Banjarnegara (Humas) — Suasana penuh kehangatan dan kekhidmatan menyelimuti kegiatan penyuluhan keagamaan di Majelis Taklim Darul Hikmah Slepa, Desa Karangkemiri, Kecamatan Wanadadi, Senin (18/05/2026). Kegiatan yang diisi oleh para Penyuluh Agama Islam Kantor Urusan Agama (KUA) Wanadadi, yakni Khasan, Arif Kholdun, dan Tugiran tersebut mengangkat tema “3 Tanda Orang Dermawan Berdasarkan Kitab Wasiatul Musthofa.” (18/5/2026)
Puluhan jamaah majelis taklim tampak antusias mengikuti penyampaian materi yang sarat pesan moral dan penguatan akhlak sosial. Dalam penyuluhan tersebut, para penyuluh mengajak masyarakat untuk menumbuhkan semangat berbagi, peduli terhadap sesama, serta membangun keikhlasan dalam kehidupan sehari-hari.
Penyuluh Agama Islam KUA Wanadadi, Khasan, menjelaskan bahwa sifat dermawan bukan hanya diukur dari banyaknya harta yang dimiliki, tetapi dari keluasan hati untuk membantu orang lain.
“Orang yang dermawan itu tidak pernah takut miskin karena yakin bahwa setiap kebaikan akan diganti oleh Allah dengan keberkahan yang lebih besar. Sedikit pemberian namun ikhlas nilainya sangat mulia di sisi Allah,” ungkap Khasan di hadapan jamaah.
Sementara itu, Arif Kholdun menyampaikan bahwa dalam Kitab Wasiatul Musthofa dijelaskan tiga tanda orang dermawan, yakni mudah memberi kepada yang membutuhkan, lebih mendahulukan kepentingan orang lain, dan senang membantu tanpa mengharap balasan.
“Dermawan bukan sekadar memberi, tetapi juga tentang kepekaan hati. Ketika seseorang bahagia melihat orang lain terbantu, di situlah tanda kemuliaan akhlaknya mulai tumbuh,” tutur Arif Kholdun.

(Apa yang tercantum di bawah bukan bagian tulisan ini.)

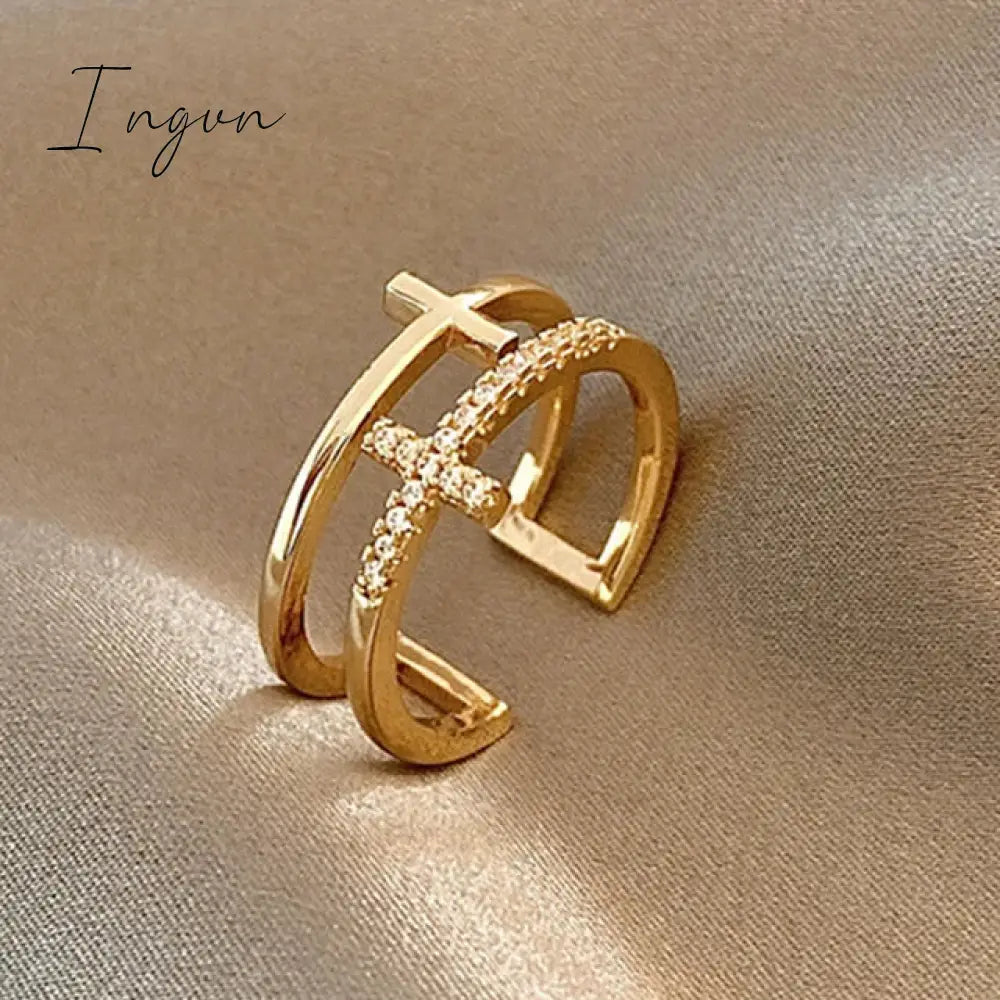 New Luxury Leaf Branch Shape Open Rings For Women Korean Party Exquisite Finger Ring Girls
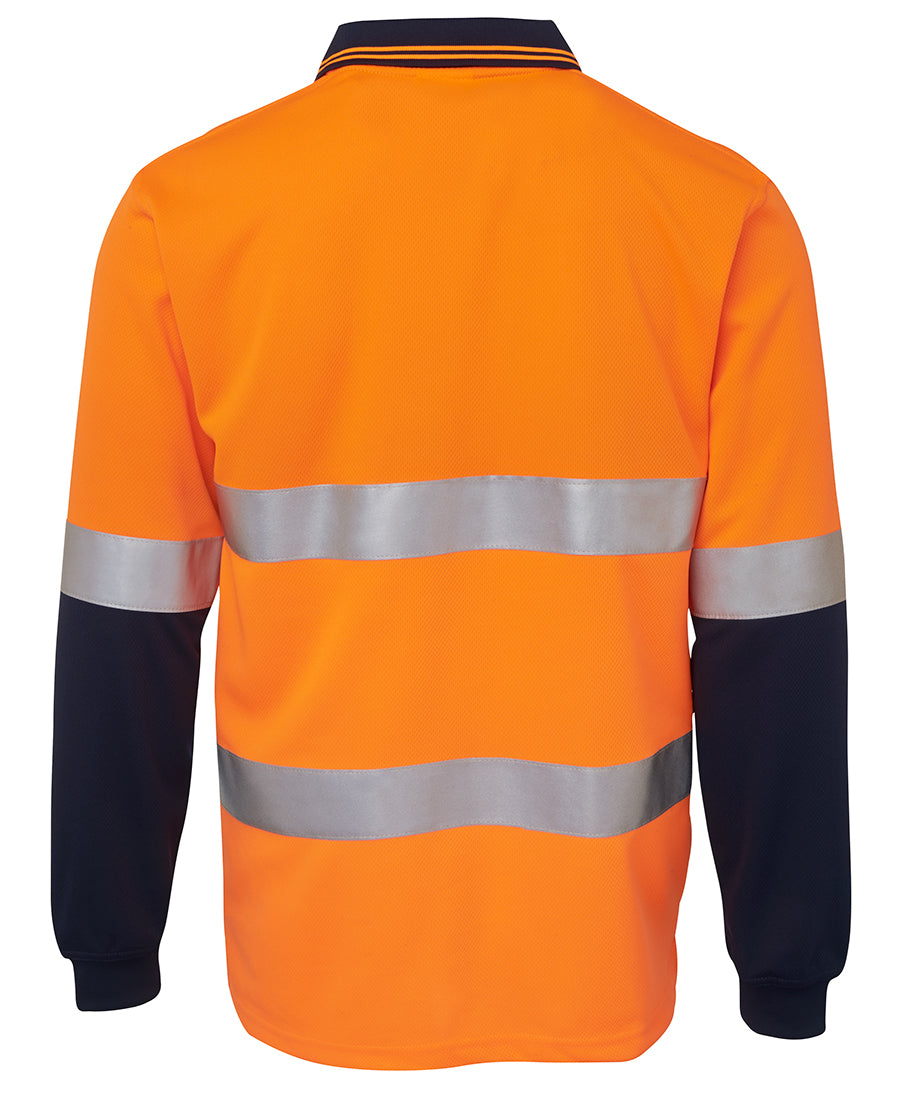 ACTIV EMBROIDERY DESIGN, UNIFORMS. WORKWEAR .JB Hi Vis L/S (D + N) Traditional Polo (Unisex)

Pada kesempatan yang sama, Tugiran mengingatkan pentingnya menjaga keikhlasan dalam bersedekah agar amal yang dilakukan benar-benar bernilai ibadah.
“Jangan menunggu kaya untuk berbagi. Justru dengan berbagi, Allah membuka pintu rezeki dan menenangkan hati kita. Orang yang ringan tangan membantu sesama akan dicintai manusia dan dimuliakan Allah,” jelas Tugiran.
Kegiatan berlangsung dengan suasana interaktif dan penuh kekeluargaan. Jamaah terlihat aktif menyimak dan berdiskusi terkait penerapan sikap dermawan dalam kehidupan keluarga maupun lingkungan masyarakat.
Melalui kegiatan penyuluhan ini, diharapkan nilai-nilai kepedulian sosial dan semangat berbagi semakin tumbuh di tengah masyarakat, sehingga tercipta kehidupan yang harmonis, religius, dan saling menguatkan antar sesama.
KUA Wanadadi terus berkomitmen menghadirkan pembinaan keagamaan yang menyejukkan dan membangun karakter umat melalui berbagai kegiatan penyuluhan di majelis taklim maupun masyarakat luas. Sejalan dengan semangat Kementerian Agama, penyuluhan agama diharapkan menjadi sarana memperkuat moderasi beragama, mempererat ukhuwah, dan menanamkan akhlakul karimah dalam kehidupan sehari-hari.